DeLucas se palpó la cara con cuidado. Un brillante color carmín le cubrió las puntas de los dedos. Sangre. Su sangre.
«¡Maldita loca!»
Como una navaja, Lynn Orley se abrió y se le echó encima a Minnie, clavándole las uñas en el rostro y rajándole la mejilla, antes de intentar escapar de la central. Pero entonces la doctora había salido corriendo detrás de la fugitiva, la había agarrado y oprimido contra la pared del ascensor.
—¡Basta, señorita Orley! ¡Soy Minnie!
Y entonces, de repente, se oyeron gritos que pedían auxilio a través de los altavoces, retazos de palabras, de Dana Lawrence, la voz de Palmer.

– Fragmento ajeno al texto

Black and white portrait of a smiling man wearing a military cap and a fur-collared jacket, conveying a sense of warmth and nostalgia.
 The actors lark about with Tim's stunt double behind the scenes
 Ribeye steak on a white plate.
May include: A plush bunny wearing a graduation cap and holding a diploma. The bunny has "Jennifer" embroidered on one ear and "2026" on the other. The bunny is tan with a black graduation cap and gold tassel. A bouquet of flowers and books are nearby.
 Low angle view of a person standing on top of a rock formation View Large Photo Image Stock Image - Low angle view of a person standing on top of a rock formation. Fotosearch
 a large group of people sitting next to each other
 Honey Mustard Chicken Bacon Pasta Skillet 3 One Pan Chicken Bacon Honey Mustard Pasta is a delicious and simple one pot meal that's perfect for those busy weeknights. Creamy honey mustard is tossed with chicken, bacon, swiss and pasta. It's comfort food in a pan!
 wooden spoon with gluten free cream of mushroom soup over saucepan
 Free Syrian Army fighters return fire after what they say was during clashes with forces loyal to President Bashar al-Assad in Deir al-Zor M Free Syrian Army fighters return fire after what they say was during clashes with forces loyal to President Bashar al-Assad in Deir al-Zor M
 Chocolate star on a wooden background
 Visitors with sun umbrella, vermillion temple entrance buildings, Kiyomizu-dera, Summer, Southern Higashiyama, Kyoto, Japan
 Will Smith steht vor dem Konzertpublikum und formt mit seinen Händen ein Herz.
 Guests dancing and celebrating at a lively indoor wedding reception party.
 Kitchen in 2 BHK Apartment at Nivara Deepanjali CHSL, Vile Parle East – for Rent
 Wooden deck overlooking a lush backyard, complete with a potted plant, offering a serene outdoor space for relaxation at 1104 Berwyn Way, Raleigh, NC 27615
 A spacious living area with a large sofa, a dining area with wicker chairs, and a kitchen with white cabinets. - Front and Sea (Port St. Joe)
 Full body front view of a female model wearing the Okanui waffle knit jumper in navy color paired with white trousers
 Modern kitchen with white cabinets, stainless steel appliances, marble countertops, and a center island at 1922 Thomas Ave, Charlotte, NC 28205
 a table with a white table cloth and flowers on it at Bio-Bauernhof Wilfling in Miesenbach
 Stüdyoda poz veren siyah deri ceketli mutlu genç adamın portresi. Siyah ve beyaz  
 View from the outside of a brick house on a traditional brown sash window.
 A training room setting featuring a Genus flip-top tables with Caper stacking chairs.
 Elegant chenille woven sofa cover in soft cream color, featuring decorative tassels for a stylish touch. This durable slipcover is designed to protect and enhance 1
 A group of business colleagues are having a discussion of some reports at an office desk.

Lynn aprovechó entonces para soltarse, tomó impulso con el brazo y le pegó con tal fuerza a DeLucas en la nariz que ésta vio, por un momento, un remolino rojo delante de sus ojos. Cuando pudo ver de nuevo con claridad, Lynn ya estaba a punto de abandonar la central. Con la cabeza retumbándole intensamente, DeLucas corrió detrás de la hija de Julian, consiguió llegar hasta ella y agarrarla, haciendo un esfuerzo por evitar el bombardeo de golpes. Lynn tropezó contra el sillón vacío de Wachowski, miró hacia el hueco del ascensor y retrocedió con los ojos fuera de las órbitas.